Originally, Sounds of Blackness founder and director Gary Hines co-wrote the track with renowned 80’s R&B songwriters Jimmy Jam and Terry Lewis with the hope of creating an uplifting, and enduring, ode to positivity and resilience.

“We [wanted] to create something that’s not a flash in a pan, but something would be a classic that you’d hear 20 years from now,” Hines told The FADER. Below, more from our talk about the decades-long legacy of Sounds of Blackness, the power of black music, and why the song still resonates today.


When Sounds of Blackness first got together, what was the intent of the group?


We are very serious about our name Sounds of Blackness. This is our 46th anniversary, and we called ourselves and named ourselves Sounds of Blackness because we wanted to, back then and now, present every genre of African-American music. Every sound of blackness for people of all backgrounds with messages of inspiration. So we're very serious about being true to our name to represent the culture, the music of the culture. That’s everything from the songs of Africa, the Caribbean, to work songs, field hollers, spirituals, rock-n-roll — which a lot of people forget that was black music — reggae, gospel, R&B, soul, and hip-hop.

You wrote “Optimistic” in 1991. What was going on in your world at the time?

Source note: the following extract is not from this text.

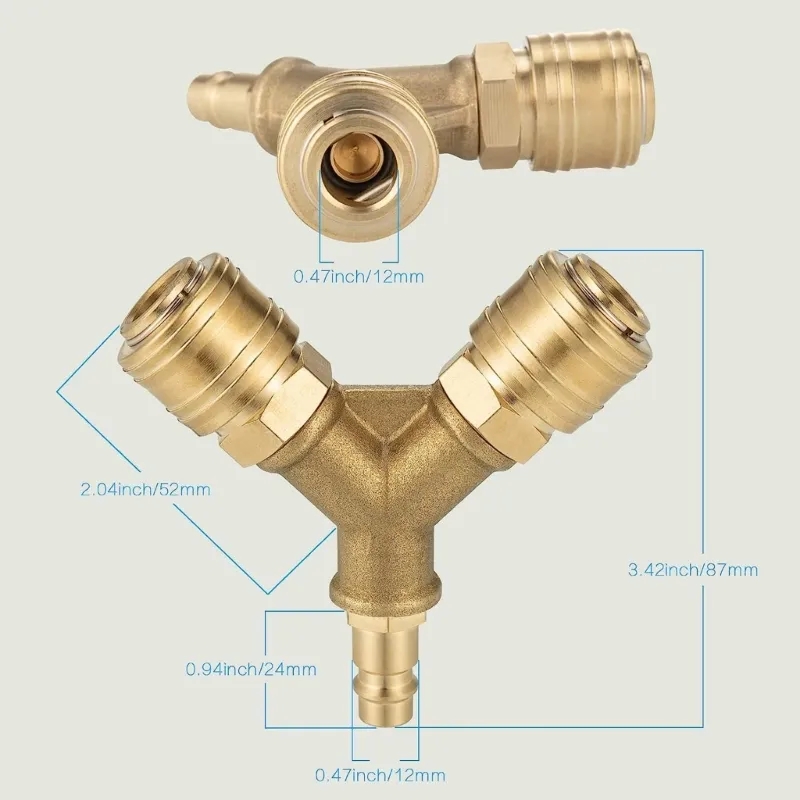 업그레이드된 압축 공기 분배기 2방향(2개 커플링 포함 - Compression Fitting Brass 리뷰 및 가격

It was the last song that we [Jimmy Jam and Terry Lewis] wrote and recorded for our first complete album with him called The Evolution of Gospel. At the time, we wanted something that was universally encouraging and uplifting no matter what your race, religion, or ethnicity and something that was truly universal from the heart. Really, that's what African-American music is all about, and in many instances, what all music is all about. At the time on radio especially, there was a lot of negativity in the world, as there is now. So it's really a statement of faith, it's not about white-washing anything, but looking all the horrible situations in the face and saying you know what? Despite what we see, despite what we're going through everyday, all these different things, we have the faith and we believe in god, we believe in ourselves and we believe we can overcome. That gives us reason to be optimistic, no matter what.


Why do you think the the song is currently resonating with so many people more than two decades after it was released?

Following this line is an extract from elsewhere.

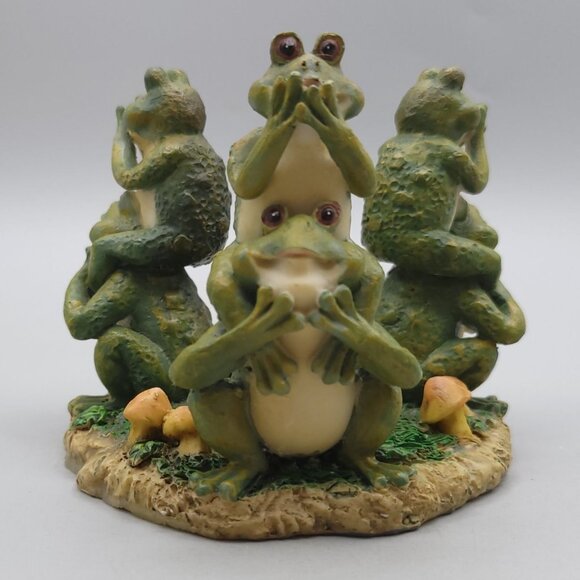 Frog Tealight Candle Holder Figurine With Mushrooms Grass Base - Picture 2 of 7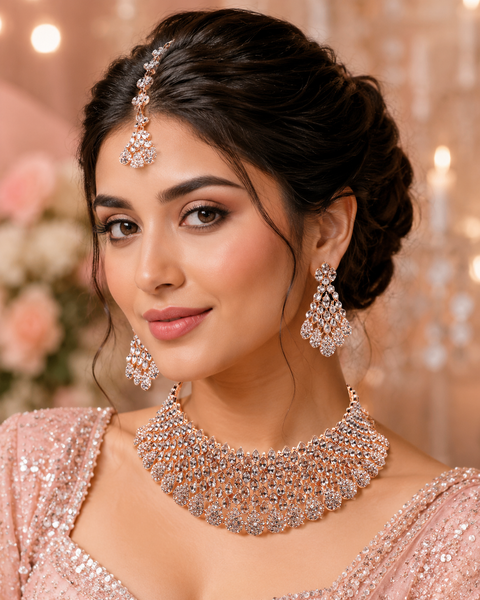 Rosegold & Silver Jerkan Stone Beautiful Necklace Set ( Slight variation in colour and design is possible)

Once again, negativity has come to the forefront here. Not only across America but around the world in so many different ways and so many different fronts. Not that negative things aren't always a part of our lives, and always a part of the world situation, but not to the degree of prominence that they are now. That's part one. Part two is, what really brought attention to “Optimistic” and back to Sounds of Blackness, is our current song “Royalty” which was inspired by Prince, and we dedicated it to him after we lost him. Over the past year, “Royalty” has been really prominent at the airwaves and it's brought even more visibility back to Sounds of Blackness and back to the messages of hope and inspiration that 'Optimistic' spearheaded.

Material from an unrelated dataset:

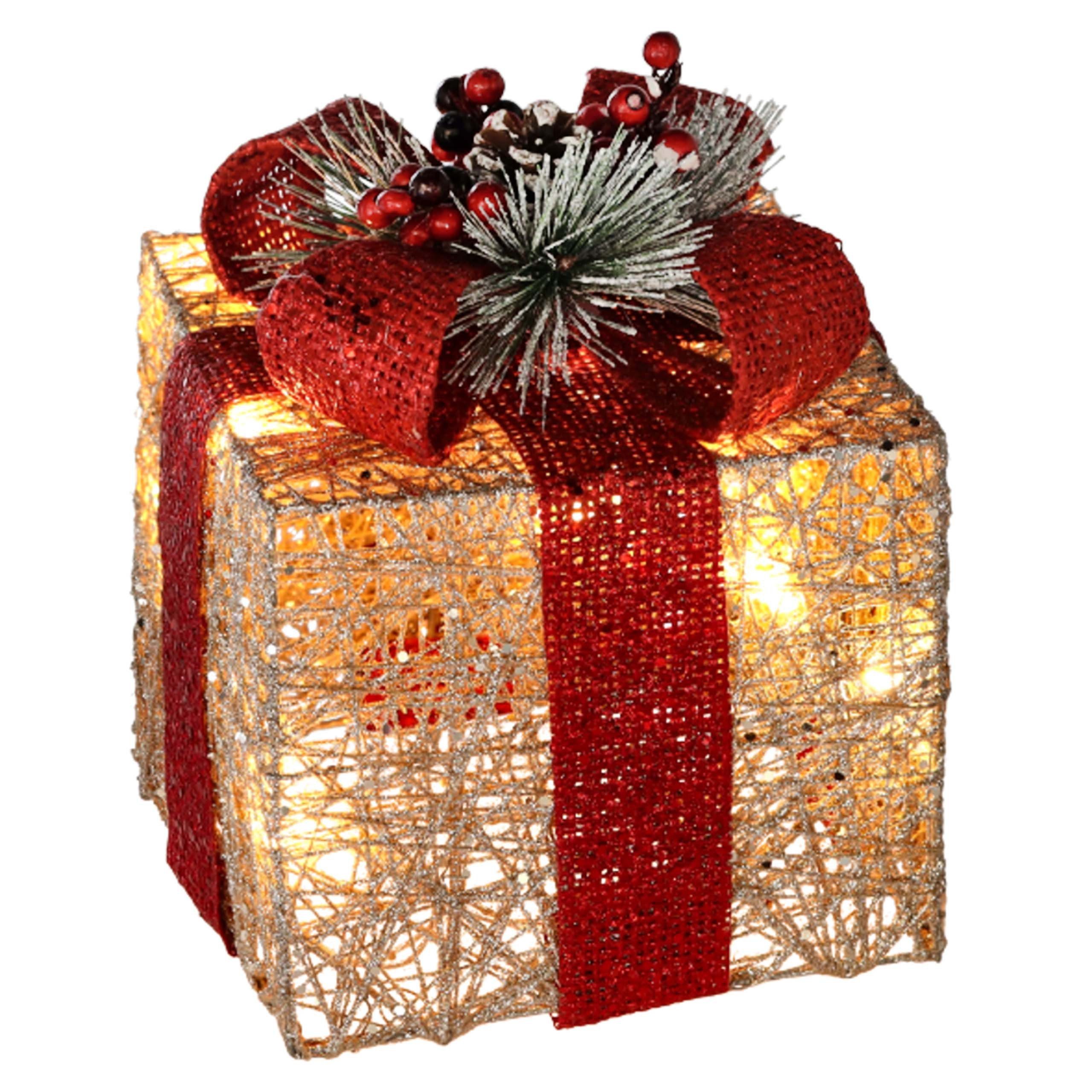 Sarcia.eu Weihnachtsfigur Goldenes Geschenk mit LED-Schleife, Weihnachtsdekoration 15 cm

I was on YouTube and I found this really great performance: it was Sounds of Blackness doing “Optimistic” with Johnny Gill, Karyn White, and Jasmine Guy. Can you tell me what that performance was like.

To this day, Johnny, Jasmine, and Karyn are all close and lifelong friends of mine. In fact, I saw Jazzy not too long ago at something, and I try to stay in touch with Johnny. I remember that we were all gonna be a part of that particular Arsenio Hall show and he’d requested it if we could do it as a grand finale, and have Johnny, Karyn, and Jazzy to join us. Of course, obviously we were honored to do that. That's where the idea was born, we ran it through rehearsals and all that kind of thing and it was absolutely wonderful.

How did and how does Sounds of Blackness speak to the spirit of black people and black joy?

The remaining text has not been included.